Monsieur le président, madame la ministre, mes chers collègues, la mission « Anciens combattants, mémoire et liens avec la Nation » voit ses crédits baisser, comme chaque année. Cela s’explique par la diminution du nombre de bénéficiaires, mais pas uniquement.
En tout cas, certaines personnes attendent toujours de bénéficier de ces crédits. Je pense notamment à la reconnaissance de certains harkis : vingt-cinq supplétifs de statut civil de droit commun attendent toujours une aide de seulement 4 150 euros.

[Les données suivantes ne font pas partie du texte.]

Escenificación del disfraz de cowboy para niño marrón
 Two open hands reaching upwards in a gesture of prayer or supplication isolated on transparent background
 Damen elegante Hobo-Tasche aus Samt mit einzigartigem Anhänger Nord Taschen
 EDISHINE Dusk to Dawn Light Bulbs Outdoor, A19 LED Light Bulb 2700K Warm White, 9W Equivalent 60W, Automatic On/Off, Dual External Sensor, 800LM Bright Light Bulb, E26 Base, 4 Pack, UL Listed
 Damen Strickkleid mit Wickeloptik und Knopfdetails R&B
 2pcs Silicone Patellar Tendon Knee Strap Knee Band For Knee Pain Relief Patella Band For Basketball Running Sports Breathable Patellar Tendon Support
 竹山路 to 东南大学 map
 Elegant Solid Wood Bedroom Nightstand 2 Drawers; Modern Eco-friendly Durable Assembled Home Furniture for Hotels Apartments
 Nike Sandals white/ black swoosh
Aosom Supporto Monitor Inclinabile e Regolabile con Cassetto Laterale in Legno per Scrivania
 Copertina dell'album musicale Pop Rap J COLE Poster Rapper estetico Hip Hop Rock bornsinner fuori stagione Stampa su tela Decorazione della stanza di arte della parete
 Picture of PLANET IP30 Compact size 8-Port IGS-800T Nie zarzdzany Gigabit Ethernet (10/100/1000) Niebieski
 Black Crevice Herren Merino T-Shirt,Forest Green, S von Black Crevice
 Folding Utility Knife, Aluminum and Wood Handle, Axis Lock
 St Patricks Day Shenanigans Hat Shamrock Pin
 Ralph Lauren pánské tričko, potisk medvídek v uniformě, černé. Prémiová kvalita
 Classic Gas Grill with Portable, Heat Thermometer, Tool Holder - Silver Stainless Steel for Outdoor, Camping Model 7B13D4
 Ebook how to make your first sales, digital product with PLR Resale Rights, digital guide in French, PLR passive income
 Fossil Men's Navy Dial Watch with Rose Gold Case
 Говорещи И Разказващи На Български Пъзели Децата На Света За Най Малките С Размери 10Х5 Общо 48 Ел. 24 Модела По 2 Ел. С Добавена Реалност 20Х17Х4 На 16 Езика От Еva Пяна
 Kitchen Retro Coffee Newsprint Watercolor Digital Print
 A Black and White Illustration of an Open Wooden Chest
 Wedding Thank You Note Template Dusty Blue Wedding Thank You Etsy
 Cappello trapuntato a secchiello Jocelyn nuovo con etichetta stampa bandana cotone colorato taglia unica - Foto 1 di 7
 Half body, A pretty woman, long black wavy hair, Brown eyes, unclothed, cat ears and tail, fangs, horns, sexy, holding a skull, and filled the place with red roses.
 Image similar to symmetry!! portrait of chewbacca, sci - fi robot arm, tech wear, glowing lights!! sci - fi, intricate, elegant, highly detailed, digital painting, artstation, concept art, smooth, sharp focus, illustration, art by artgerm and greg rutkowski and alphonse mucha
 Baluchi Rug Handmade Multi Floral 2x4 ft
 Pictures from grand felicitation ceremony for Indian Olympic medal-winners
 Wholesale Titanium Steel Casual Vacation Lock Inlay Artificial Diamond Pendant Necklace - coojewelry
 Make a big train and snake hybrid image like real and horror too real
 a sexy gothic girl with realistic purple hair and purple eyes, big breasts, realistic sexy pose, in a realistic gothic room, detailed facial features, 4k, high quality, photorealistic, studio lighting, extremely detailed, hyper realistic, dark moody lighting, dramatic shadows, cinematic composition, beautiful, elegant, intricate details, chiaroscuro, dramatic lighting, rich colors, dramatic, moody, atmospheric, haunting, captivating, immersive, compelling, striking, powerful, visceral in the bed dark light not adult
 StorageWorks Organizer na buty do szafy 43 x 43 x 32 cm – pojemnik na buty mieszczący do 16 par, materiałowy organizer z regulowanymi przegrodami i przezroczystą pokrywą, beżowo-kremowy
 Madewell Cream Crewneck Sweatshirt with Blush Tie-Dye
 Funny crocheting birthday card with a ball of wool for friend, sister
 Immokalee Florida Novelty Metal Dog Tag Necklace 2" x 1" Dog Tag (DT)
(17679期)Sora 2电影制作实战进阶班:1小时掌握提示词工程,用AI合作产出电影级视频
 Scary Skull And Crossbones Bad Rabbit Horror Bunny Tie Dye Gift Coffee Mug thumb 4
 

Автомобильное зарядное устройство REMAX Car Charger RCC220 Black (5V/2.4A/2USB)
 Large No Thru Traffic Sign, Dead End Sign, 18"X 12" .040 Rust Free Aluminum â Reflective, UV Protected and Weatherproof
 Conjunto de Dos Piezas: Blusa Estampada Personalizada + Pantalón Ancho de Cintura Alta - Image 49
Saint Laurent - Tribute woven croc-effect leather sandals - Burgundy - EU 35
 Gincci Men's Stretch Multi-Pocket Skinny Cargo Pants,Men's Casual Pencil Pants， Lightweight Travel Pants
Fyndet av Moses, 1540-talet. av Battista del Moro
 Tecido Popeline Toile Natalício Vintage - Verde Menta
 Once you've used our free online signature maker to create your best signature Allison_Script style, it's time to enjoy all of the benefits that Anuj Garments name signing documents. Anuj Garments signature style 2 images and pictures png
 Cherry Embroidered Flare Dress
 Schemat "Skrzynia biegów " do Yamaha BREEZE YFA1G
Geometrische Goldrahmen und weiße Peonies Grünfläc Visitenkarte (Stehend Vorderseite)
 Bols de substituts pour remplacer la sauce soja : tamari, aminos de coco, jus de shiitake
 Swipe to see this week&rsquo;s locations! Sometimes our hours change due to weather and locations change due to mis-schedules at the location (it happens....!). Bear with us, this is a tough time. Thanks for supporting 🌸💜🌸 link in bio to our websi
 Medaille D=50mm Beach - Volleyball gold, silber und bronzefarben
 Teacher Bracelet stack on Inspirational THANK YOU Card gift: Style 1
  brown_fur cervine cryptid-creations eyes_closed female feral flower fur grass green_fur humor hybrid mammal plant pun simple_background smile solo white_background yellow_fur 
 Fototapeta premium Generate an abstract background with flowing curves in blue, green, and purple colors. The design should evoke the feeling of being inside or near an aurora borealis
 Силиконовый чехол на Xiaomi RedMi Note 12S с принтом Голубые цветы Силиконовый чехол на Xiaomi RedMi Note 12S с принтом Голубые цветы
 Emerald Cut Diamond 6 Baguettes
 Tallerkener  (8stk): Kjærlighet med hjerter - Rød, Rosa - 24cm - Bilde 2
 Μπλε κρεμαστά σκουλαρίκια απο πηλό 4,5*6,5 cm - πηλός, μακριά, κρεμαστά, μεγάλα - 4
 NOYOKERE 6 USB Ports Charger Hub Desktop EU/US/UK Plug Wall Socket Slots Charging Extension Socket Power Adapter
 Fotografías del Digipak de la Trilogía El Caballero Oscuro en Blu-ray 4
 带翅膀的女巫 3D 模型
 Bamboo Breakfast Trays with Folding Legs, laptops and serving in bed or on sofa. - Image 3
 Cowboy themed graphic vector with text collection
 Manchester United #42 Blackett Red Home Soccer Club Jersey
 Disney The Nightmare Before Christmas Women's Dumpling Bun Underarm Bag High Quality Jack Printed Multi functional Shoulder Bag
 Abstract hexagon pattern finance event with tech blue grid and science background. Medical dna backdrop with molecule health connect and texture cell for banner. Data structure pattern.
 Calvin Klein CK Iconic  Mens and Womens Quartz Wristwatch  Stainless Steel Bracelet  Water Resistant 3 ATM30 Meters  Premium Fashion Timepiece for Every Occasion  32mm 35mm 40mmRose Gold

Cette problématique se pose chaque année. À l’Assemblée nationale, nos collègues députés ont déposé des amendements pour corriger cette injustice ; on leur a opposé tout un tas d’arguments contestables : la mesure ne serait pas applicable, car dénuée de base juridique ; elle serait rétroactive, donc impossible ; le Conseil d’État et la Cour européenne des droits de l’Homme (CEDH) auraient émis à son endroit des avis défavorables.
Pourtant, ces amendements visaient précisément à fournir une base juridique à cette extension, la jurisprudence du Conseil d’État relative à la désignation explicite ou implicite des bénéficiaires d’une mesure adoptée par le Parlement est en leur faveur et ni le Conseil d’État ni la CEDH n’a rendu de tels jugements.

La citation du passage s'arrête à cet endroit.